Leo Leong's Blog: Database

Showing posts with label Database. Show all posts

Saturday, July 20, 2013

Database - Data Warehouse - Staging Table Design

Staging Table

In data warehousing or reporting-driven OTLP system, it is very normal that people use staging table to store temporary data before they transfer/cleanse/transform the data into a permanent table.
One of the reasons that motivates us to use staging table is to make sure a clean copy of data is in its latest state and has been processed successfully before pushing it to final table. In another word, instead of locking live table for as long as the transformation process will take, we make all the heavy processing behind the scene. In the end of the process, we will just swap the table. This will reduce user interruption from hours to just milli- or microsecond.

The Design

Imagine we have a flat file with 10 columns. We will create a staging table with the exact same 10 columns with corresponding data type. And, we will leave all columns as nullable.

Why?
In each RDBMS, there is always a bulk loading utility to insert data into the table. And, always, this utility will perform much faster compare to any other DML command. For example, bcp.exe is the bulk loading utility in MS SQL Server. To import 1 million records into a table, bcp.exe took me 9.4 seconds on my machine. BULK INSERT took me 13 seconds. INSERT statement is the slowest - 1 minute. Also, bcp.exe has the minimum IO impact on harddisk as well.
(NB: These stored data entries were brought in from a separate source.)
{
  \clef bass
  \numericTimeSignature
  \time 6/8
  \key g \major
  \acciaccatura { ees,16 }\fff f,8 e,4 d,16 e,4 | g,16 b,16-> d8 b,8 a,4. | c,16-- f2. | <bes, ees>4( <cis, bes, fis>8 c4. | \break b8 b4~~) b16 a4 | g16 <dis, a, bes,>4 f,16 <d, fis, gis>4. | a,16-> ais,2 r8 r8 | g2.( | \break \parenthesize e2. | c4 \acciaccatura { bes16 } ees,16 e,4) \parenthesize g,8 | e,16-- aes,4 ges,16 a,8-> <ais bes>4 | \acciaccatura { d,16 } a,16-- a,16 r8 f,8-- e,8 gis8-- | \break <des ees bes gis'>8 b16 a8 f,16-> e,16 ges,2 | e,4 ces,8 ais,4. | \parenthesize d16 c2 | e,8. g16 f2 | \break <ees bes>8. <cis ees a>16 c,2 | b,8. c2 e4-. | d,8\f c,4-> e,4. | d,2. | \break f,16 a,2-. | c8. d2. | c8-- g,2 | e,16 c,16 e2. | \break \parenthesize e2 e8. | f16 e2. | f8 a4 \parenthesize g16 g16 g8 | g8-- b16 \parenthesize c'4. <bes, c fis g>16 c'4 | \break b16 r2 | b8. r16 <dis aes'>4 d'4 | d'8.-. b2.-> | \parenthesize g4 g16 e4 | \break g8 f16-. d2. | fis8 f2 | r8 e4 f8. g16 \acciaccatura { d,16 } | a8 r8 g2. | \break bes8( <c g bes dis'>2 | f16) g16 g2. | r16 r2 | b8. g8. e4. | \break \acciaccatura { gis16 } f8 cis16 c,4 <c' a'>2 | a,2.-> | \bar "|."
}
Some people may comment Java/C#/C++ can do better job. However, I am not an expert in that area. So, I have no comment on that. :)
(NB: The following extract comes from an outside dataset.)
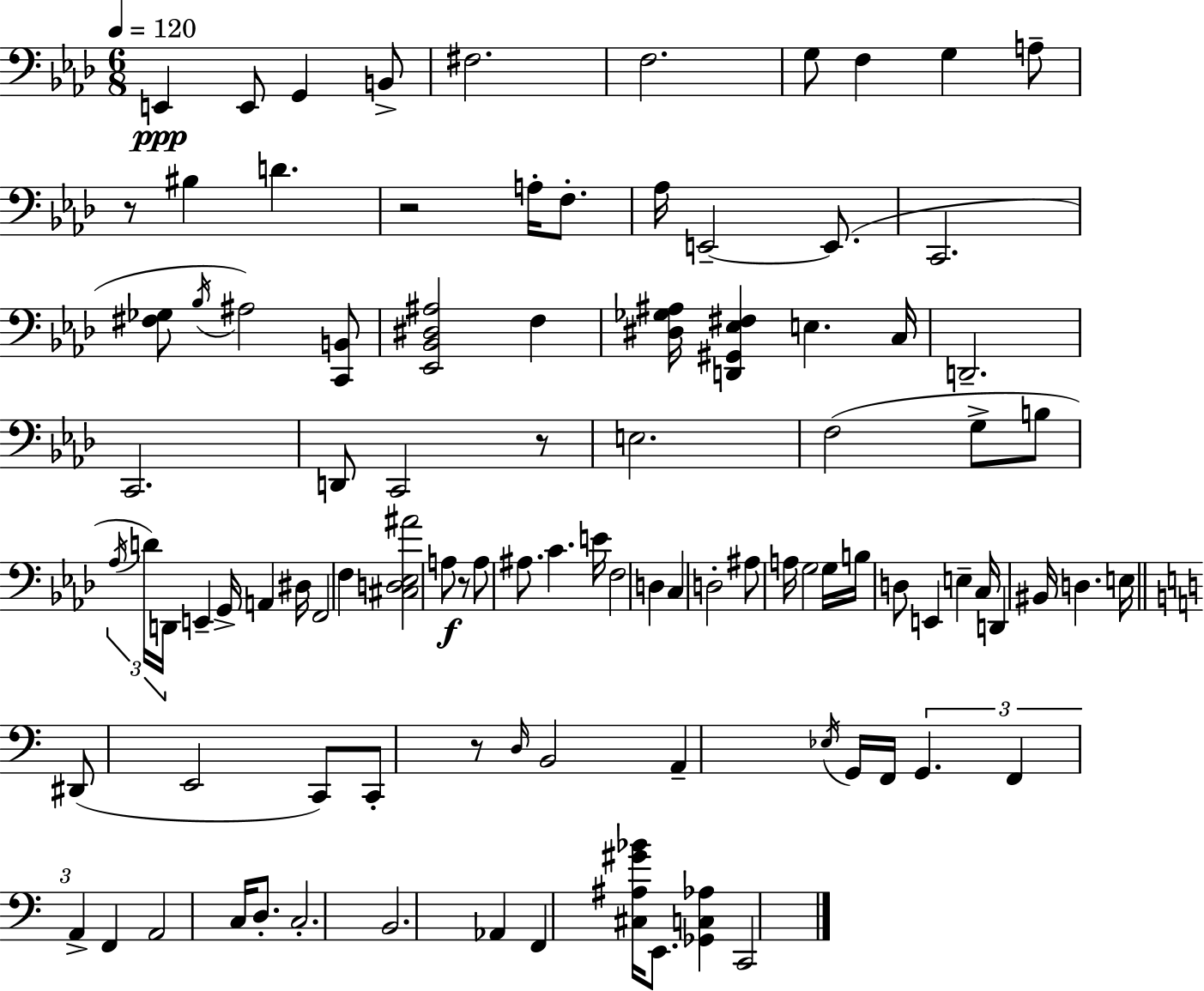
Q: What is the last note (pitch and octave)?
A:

Next, when we have imported data into our staging table, we can create data validation script to identify bad data by batch. Well, in database world, everything is set-based. If we were to identity bad data row-by-row, might as well we do everything in Java/C#/C++. So, now, we will log all data violation information based on rules that user has provided.

After we have removing bad data (or unqualified records), we may perform process below:
1. create ID for new natural keys
2. map records to existing ID based on natural key
3. identify relationship between tables (find foreign key ID)
4. use SCD1, SCD2 or SCD3 method to insert data into final table(s)

Sometimes, due to complexity of the source data, we may need to create second/third level staging. This could be very helpful to perform step-by-step verification and increase data quality in the final table.

I hope you enjoy this article. Please feel free to comment. :)

Monday, October 8, 2012

Database - SQL Server - Logging

I would like to talk about stored procedure logging today. Many DBAs or database developers always have a so called "logging framework" in their applications. I would like to share my "logging framework" in this blog. I hope you guys can provide some thought to make it more robust.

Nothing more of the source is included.